I was thirty-two when I finally told my dad “I love you” first. Not as a response, not mumbled back after he said it, but initiated by me.
My hands were shaking as I said it at the end of a phone call, and the pause that followed felt eternal. When he finally said it back, his voice cracked just a little. That moment took three decades to arrive.
Growing up as the middle child between an older brother and younger sister, I heard plenty of practical things. “Did you finish your homework?” “Clean your room.” “We’re eating at six.”
My father worked long hours and provided everything we needed materially. We ate dinner together every single night, all five of us around the table. But looking back, those conversations stayed safely on the surface, like we were all skating on thin ice, afraid to fall through into something deeper.
It wasn’t until I had my own children that I realized how many fundamental phrases were missing from my childhood vocabulary. Not because my parents were cruel or neglectful, but because they themselves probably never heard these words growing up.
Emotional unavailability gets passed down like a family heirloom nobody actually wants.
Now, as I watch my five-year-old daughter process her feelings and my two-year-old son reach for comfort without hesitation, I see all the things I had to teach myself as an adult.

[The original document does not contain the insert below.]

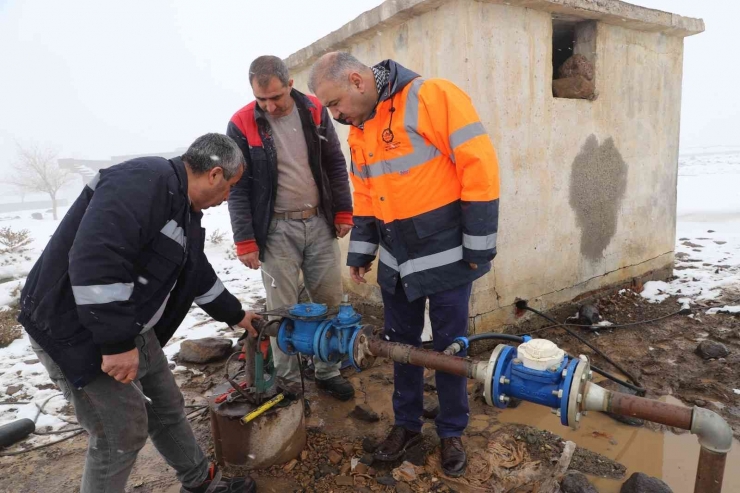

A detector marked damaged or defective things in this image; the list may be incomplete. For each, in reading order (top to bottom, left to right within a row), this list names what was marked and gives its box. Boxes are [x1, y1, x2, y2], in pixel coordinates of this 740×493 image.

These are the phrases that emotionally unavailable parents struggle to say, leaving their children to spend years, sometimes decades, learning to speak them into existence.
1. “I don’t know the answer, but we can figure it out together”
Vulnerability wasn’t part of the parenting playbook I grew up with. Adults had answers, period. If they didn’t know something, they’d make something up or deflect. The idea of admitting uncertainty? That would have been seen as weakness.
I spent years in my twenties pretending to have everything figured out, terrified that saying “I don’t know” would expose me as the fraud I felt like. It wasn’t until I became a parent myself that I realized how liberating these words could be.
When my daughter asks why her friend’s parents are getting divorced, I don’t scramble for a perfect answer. “I don’t know exactly why, but we can talk about how you’re feeling about it.”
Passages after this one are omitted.